About this task
Beginning with the line that contains "An overview of" and ending with the line that contains "Santa Claus riding", reproduce the lines of the entries below exactly, omitting pictures.

Working data
= Beginning of Section =

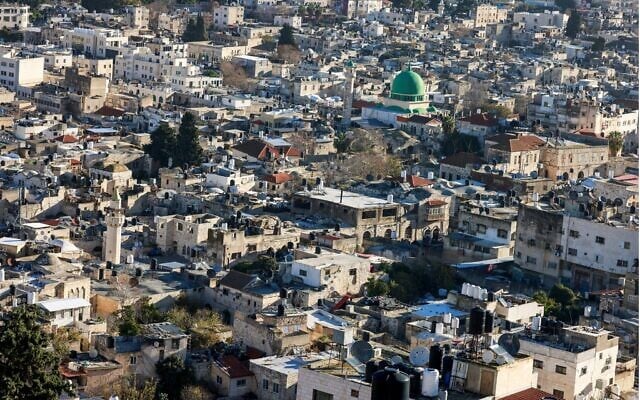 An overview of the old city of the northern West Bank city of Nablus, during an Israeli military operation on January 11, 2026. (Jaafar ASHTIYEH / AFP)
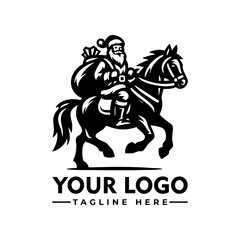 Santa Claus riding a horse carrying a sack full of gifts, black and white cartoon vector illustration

= End of Section =
= Beginning of Section =

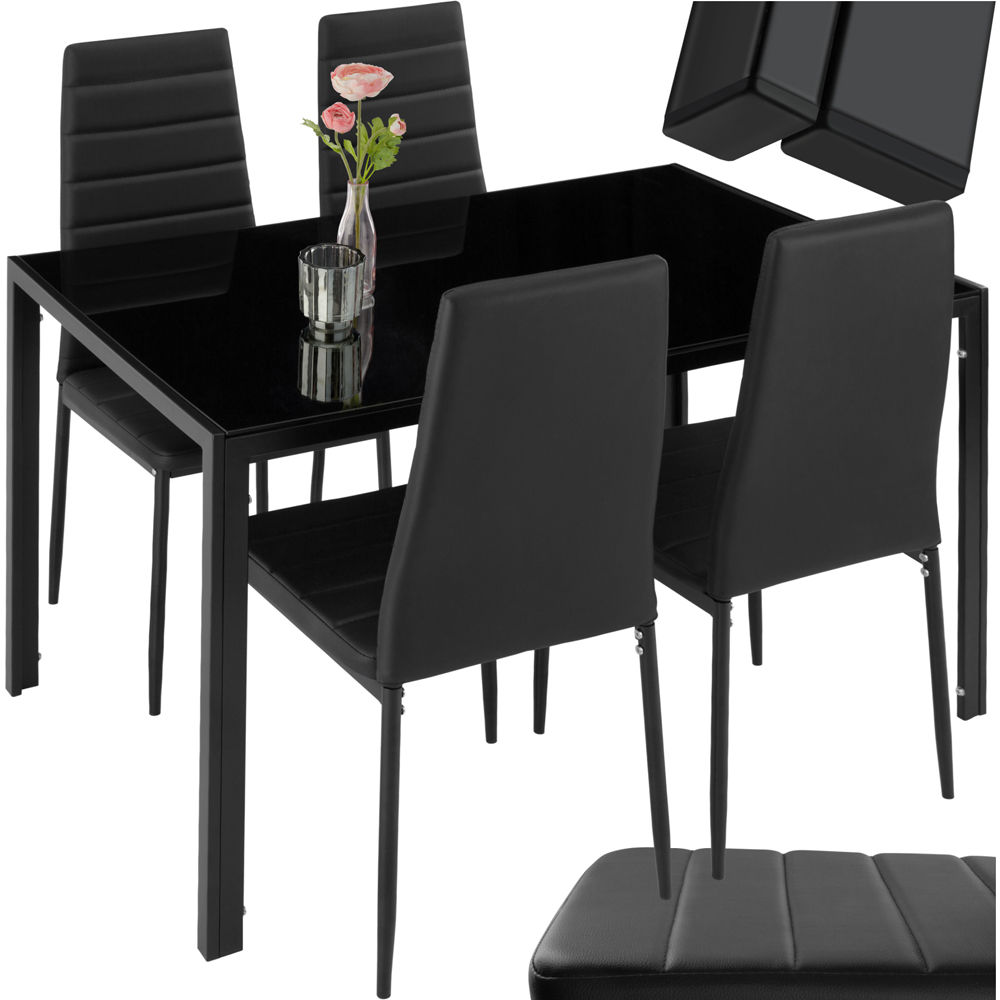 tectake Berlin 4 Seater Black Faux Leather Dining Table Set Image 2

= End of Section =
= Beginning of Section =

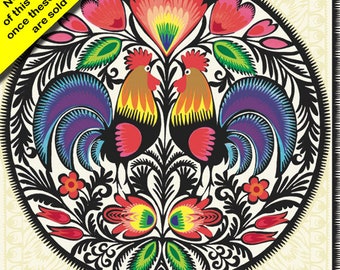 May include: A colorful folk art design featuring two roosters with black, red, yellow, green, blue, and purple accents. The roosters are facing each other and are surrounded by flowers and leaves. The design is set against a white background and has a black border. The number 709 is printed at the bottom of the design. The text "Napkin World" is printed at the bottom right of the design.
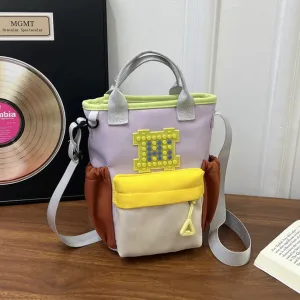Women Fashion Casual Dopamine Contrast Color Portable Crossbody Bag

= End of Section =

Response for this exercise
 An overview of the old city of the northern West Bank city of Nablus, during an Israeli military operation on January 11, 2026. (Jaafar ASHTIYEH / AFP)
 Santa Claus riding a horse carrying a sack full of gifts, black and white cartoon vector illustration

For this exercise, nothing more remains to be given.